If it’s not pass/fail, then if my result matches gawk and nawk, it goes into a set_good
file, else if it matches gawk it goes into the set_gawk
file; else if matches nawk it goes into the set_nawk
file, else if it matches mawk, goawk, or bbawk it goes into a set_mawk
, set_goawk
, or set_bbawk
file respectively.
If it doesn’t fit into any of those buckets, then it doesn’t match any other implementation, and goes into a set_odd
file. The set_odd
file needs the closest scrutiny, as those are possible bugs in my implementation, though some differ from gawk and/or nawk only in that they have stderr output, usually warnings. Some others are due to different implementations iterating over arrays in different orders. (An annoyance for testing is that goawk doesn’t usually traverse arrays the same way on different runs due to golang’s intentionally random hash behavior that apparently cannot be turned off.)
Currently, I have 30 tests in the set_odd
category out of 1182 tests run. I believe only a relative few of these are actual bugs.

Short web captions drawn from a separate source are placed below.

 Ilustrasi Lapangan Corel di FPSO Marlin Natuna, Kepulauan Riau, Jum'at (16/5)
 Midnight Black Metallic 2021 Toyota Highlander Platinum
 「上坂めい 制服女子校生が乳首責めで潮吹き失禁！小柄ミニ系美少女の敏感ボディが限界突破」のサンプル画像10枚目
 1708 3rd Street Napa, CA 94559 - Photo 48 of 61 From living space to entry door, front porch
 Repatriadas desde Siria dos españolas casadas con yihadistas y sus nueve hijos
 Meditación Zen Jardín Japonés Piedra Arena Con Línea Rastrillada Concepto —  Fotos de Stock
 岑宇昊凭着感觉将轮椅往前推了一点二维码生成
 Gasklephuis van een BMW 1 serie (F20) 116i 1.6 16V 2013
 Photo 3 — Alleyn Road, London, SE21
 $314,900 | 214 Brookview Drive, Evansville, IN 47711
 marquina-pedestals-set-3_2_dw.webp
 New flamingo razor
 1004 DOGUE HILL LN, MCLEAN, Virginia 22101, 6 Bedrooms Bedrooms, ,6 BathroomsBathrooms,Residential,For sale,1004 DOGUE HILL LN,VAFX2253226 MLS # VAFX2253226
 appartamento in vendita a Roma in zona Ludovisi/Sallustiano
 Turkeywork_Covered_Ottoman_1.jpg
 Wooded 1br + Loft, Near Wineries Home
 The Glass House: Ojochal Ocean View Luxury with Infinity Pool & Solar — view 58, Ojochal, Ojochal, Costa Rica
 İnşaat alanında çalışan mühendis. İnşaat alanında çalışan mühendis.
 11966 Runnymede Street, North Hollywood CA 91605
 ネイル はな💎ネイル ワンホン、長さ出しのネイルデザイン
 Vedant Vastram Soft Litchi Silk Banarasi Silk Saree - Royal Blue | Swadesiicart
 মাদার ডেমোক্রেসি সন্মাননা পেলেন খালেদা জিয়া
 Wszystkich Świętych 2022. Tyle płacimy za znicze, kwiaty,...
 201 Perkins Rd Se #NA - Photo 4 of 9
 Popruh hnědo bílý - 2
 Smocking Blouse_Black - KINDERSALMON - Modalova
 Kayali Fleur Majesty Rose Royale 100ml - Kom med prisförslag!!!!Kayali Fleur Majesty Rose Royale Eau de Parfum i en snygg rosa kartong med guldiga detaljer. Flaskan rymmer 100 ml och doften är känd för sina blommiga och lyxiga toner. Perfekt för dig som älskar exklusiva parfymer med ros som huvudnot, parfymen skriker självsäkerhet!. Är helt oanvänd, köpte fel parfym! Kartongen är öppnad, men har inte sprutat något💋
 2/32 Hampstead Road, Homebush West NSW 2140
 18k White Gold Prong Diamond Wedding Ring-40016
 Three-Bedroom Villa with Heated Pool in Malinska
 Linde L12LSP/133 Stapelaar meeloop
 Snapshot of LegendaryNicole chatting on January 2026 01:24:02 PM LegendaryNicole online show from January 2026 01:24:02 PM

Here is an approximate breakdown of the current test results:
category | count |
---|---|
set_good | 736 |
set_gawk | 87 |
set_nawk | 158 |
set_mawk | 50 |
set_goawk | 8 |
set_bbawk | 10 |
set_pass | 2 |
set_passx | 11 |
set_fail | 47 |
set_badpass | 2 |
set_badfail | 2 |
set_badgawkonly | 1 |
set_mismatch | 38 |
set_odd | 30 |
To put the 47 set_fail
results in perspective, all but two of those are also failed by at least one of gawk, nnawk, mawk, or goawk. Of those two others, both are also failed by bbawk. Still, I would like to make wak/toybox awk work on more of those cases as well.
Also, the tests need some cleanup; there is some overlap and duplication.